Work task
Copy each line, word for word, from the one with "پوستر ویژه هفته دولت سالروز شهادت شهید رجایی و باهنر پوستر" through the final line of the listing, but skip the pictures.

Records provided

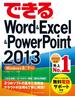 できるWord＆Excel＆PowerPoint 2013 Windows 8／7対応(できるシリーズ)
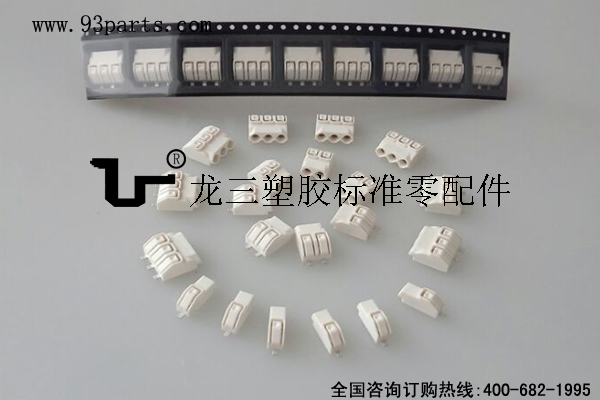 燈條接線端子 2060貼片式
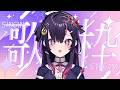 【 #歌枠 】月曜夜✨歌うよ～～～！🌈🍀一曲聴いて💜【 音風 いろは / アニソフィア 】 #vsinger #karaoke #vtuber #音風いろは #アニソフィア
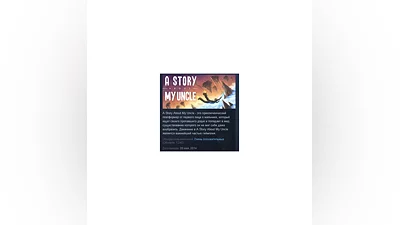 A Story About My Uncle   STEAM KEY REGION FREE GLOBAL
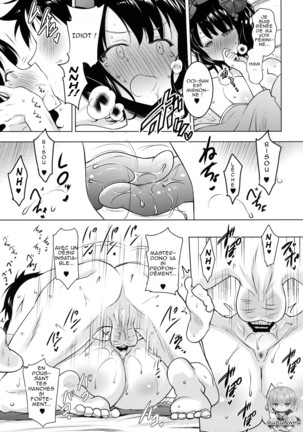 Hokusai-chan ga Okuchi de Teinei ni Tannen ni Nando mo Nuite Kurete kara no Honban Page #20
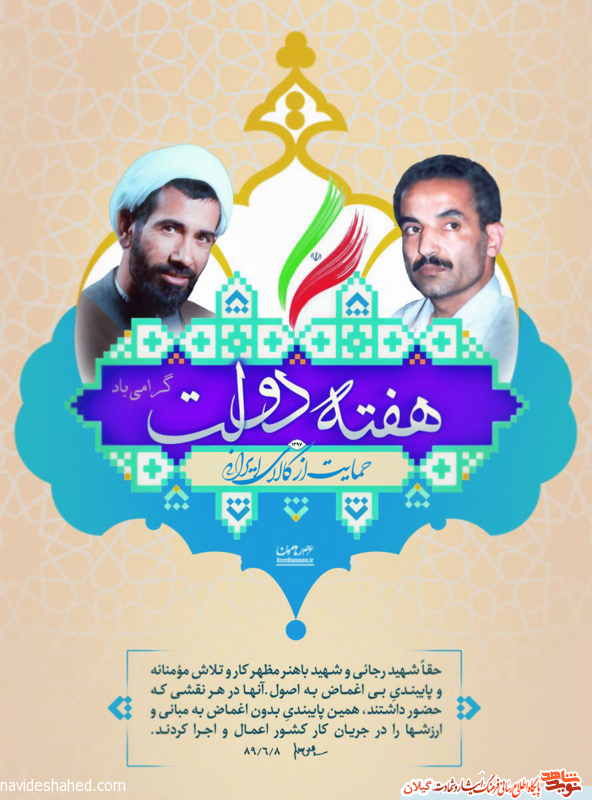 پوستر ویژه هفته دولت سالروز شهادت شهید رجایی و باهنر پوستر ویژه هفته دولت سالروز شهادت شهید رجایی و باهنر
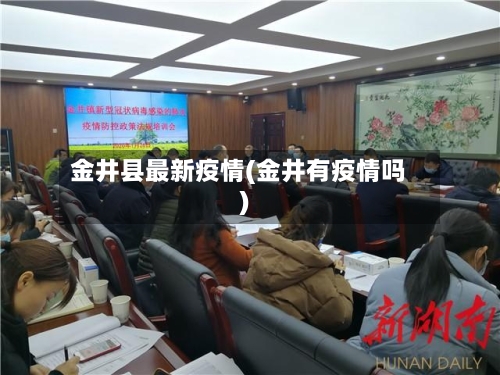 金井县最新疫情(金井有疫情吗)-第2张图片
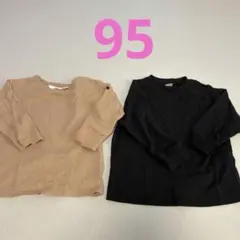 futafuta 長袖Tシャツ 2枚セット 95cm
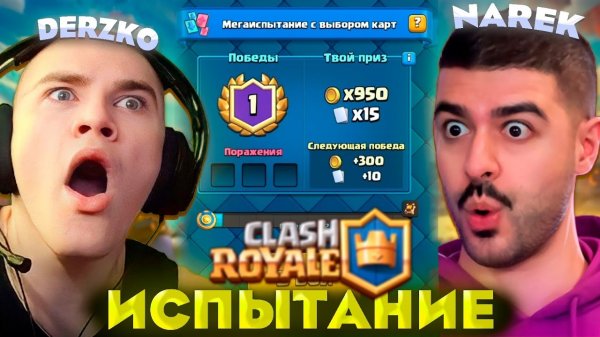 ДЕРЗКО И НАРЕК В МЕГАИСПЫТАНИИ С ВЫБОРОМ КАРТ В КЛЕШ РОЯЛЬ / Clash Royale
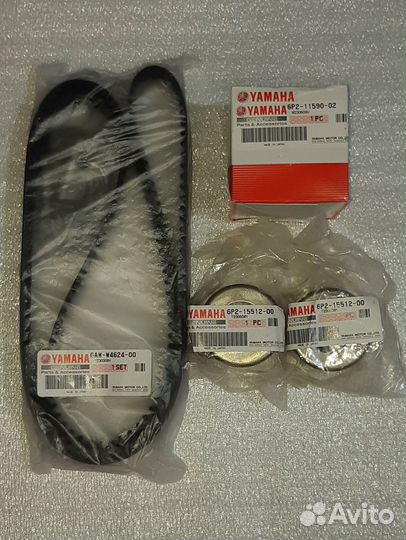 Комплект для замены ремня грм Yamaha F350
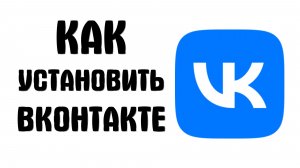 Как установить вконтакте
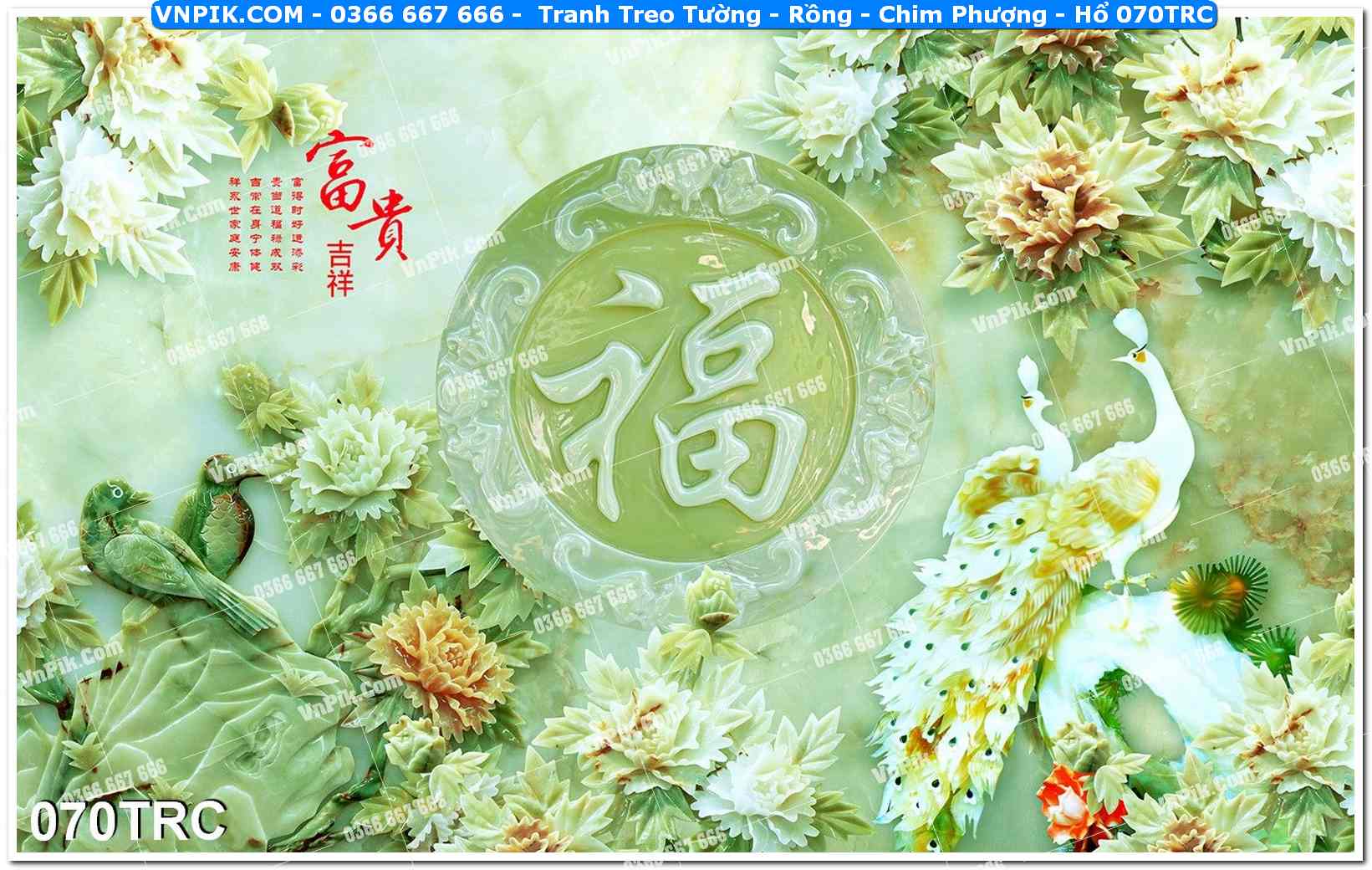 Tranh Treo Tường – Rồng – Chim Phượng – Hổ 070TRC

Written reply
 پوستر ویژه هفته دولت سالروز شهادت شهید رجایی و باهنر پوستر ویژه هفته دولت سالروز شهادت شهید رجایی و باهنر
 金井县最新疫情(金井有疫情吗)-第2张图片
 futafuta 長袖Tシャツ 2枚セット 95cm
 ДЕРЗКО И НАРЕК В МЕГАИСПЫТАНИИ С ВЫБОРОМ КАРТ В КЛЕШ РОЯЛЬ / Clash Royale
 Комплект для замены ремня грм Yamaha F350
 Как установить вконтакте
 Tranh Treo Tường – Rồng – Chim Phượng – Hổ 070TRC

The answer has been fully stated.